**PROBLEM:**
Begin at the first line below and copy each line exactly, ending with the line where "Habitat Ochentayuno Hotels near Laureles" appears.

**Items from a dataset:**
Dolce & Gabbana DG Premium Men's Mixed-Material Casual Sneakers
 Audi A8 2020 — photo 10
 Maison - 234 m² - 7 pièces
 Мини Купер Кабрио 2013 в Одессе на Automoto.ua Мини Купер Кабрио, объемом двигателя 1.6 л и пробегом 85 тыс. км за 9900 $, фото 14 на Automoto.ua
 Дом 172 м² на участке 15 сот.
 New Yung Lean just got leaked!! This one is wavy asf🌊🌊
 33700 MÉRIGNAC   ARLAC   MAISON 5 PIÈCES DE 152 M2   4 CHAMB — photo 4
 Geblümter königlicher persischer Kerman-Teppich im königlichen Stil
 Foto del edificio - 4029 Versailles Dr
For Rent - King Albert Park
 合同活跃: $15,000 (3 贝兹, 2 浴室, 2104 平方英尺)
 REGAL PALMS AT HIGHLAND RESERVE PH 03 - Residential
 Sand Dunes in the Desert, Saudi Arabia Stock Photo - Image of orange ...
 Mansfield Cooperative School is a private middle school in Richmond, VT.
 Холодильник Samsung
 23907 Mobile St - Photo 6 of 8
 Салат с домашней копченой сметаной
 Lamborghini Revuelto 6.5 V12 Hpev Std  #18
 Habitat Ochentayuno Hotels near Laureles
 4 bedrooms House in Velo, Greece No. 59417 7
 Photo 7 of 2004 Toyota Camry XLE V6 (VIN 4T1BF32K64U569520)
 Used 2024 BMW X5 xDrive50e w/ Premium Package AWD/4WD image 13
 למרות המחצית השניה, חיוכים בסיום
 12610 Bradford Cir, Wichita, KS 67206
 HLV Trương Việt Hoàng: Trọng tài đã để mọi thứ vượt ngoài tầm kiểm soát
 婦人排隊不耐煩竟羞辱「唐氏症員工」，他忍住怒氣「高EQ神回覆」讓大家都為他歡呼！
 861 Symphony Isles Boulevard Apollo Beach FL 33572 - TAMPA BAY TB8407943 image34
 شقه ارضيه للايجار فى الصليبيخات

**RESULT FOR THIS TASK:**
Dolce & Gabbana DG Premium Men's Mixed-Material Casual Sneakers
 Audi A8 2020 — photo 10
 Maison - 234 m² - 7 pièces
 Мини Купер Кабрио 2013 в Одессе на Automoto.ua Мини Купер Кабрио, объемом двигателя 1.6 л и пробегом 85 тыс. км за 9900 $, фото 14 на Automoto.ua
 Дом 172 м² на участке 15 сот.
 New Yung Lean just got leaked!! This one is wavy asf🌊🌊
 33700 MÉRIGNAC   ARLAC   MAISON 5 PIÈCES DE 152 M2   4 CHAMB — photo 4
 Geblümter königlicher persischer Kerman-Teppich im königlichen Stil
 Foto del edificio - 4029 Versailles Dr
For Rent - King Albert Park
 合同活跃: $15,000 (3 贝兹, 2 浴室, 2104 平方英尺)
 REGAL PALMS AT HIGHLAND RESERVE PH 03 - Residential
 Sand Dunes in the Desert, Saudi Arabia Stock Photo - Image of orange ...
 Mansfield Cooperative School is a private middle school in Richmond, VT.
 Холодильник Samsung
 23907 Mobile St - Photo 6 of 8
 Салат с домашней копченой сметаной
 Lamborghini Revuelto 6.5 V12 Hpev Std  #18
 Habitat Ochentayuno Hotels near Laureles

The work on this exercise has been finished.